Created in 1948, the discount retailer famous for its pink and white checked banner was a magnet for bargain hunters for decades, and notably inspired Azzedine Alaïa for his spring 1991 collection. That collection was the subject of an exhibition at the Azzedine Alaïa Association last year.

“Tati has not seen customers come back to its historic home in Barbès,” stated Thierry Boukhari, the retailer’s chief operating officer. “The Barbès store has been doubly impacted by the strikes of last December and the sanitary crisis. It has seen a 60 percent decline in sales between Oct. 1, 2019, and May 31, 2020, compared with the prior-year period.”

Tati — which started expanding to become a national chain in 1978 — has been struggling for years. It last changed hands in 2017, when it was bought by GPG, which owns other discount retailers including GiFi and Besson. The new owner injected 150 million euros — twice its initial investment plan — into the chain with the aim of turning it around.
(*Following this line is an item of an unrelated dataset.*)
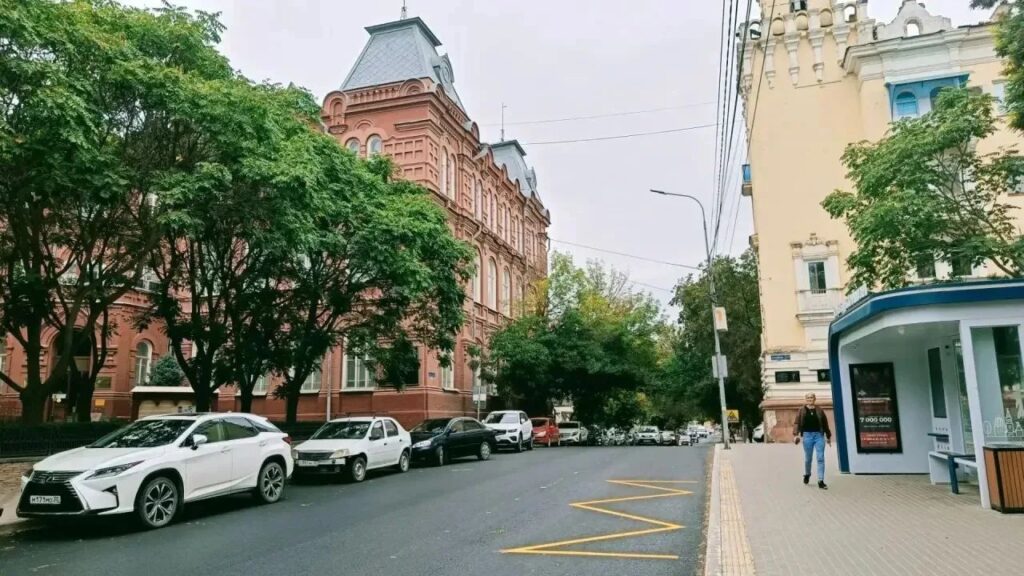 На улице Коммунистической уложили 18 тысяч квадратных метров нового асфальта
In the announcement of the closure of the Barbès store, for which a date was not revealed, Tati said it will sell 18 other stores to discount chain KLO. That company was founded by former Tati management late last year and involved the acquisition of 29 units. Of Tati’s five remaining stores, one will be bought by a footwear retailer, and the other four — including the Barbès flagship — will close. Tati Mariage and Tati Destockage stores at Barbès will continue operating.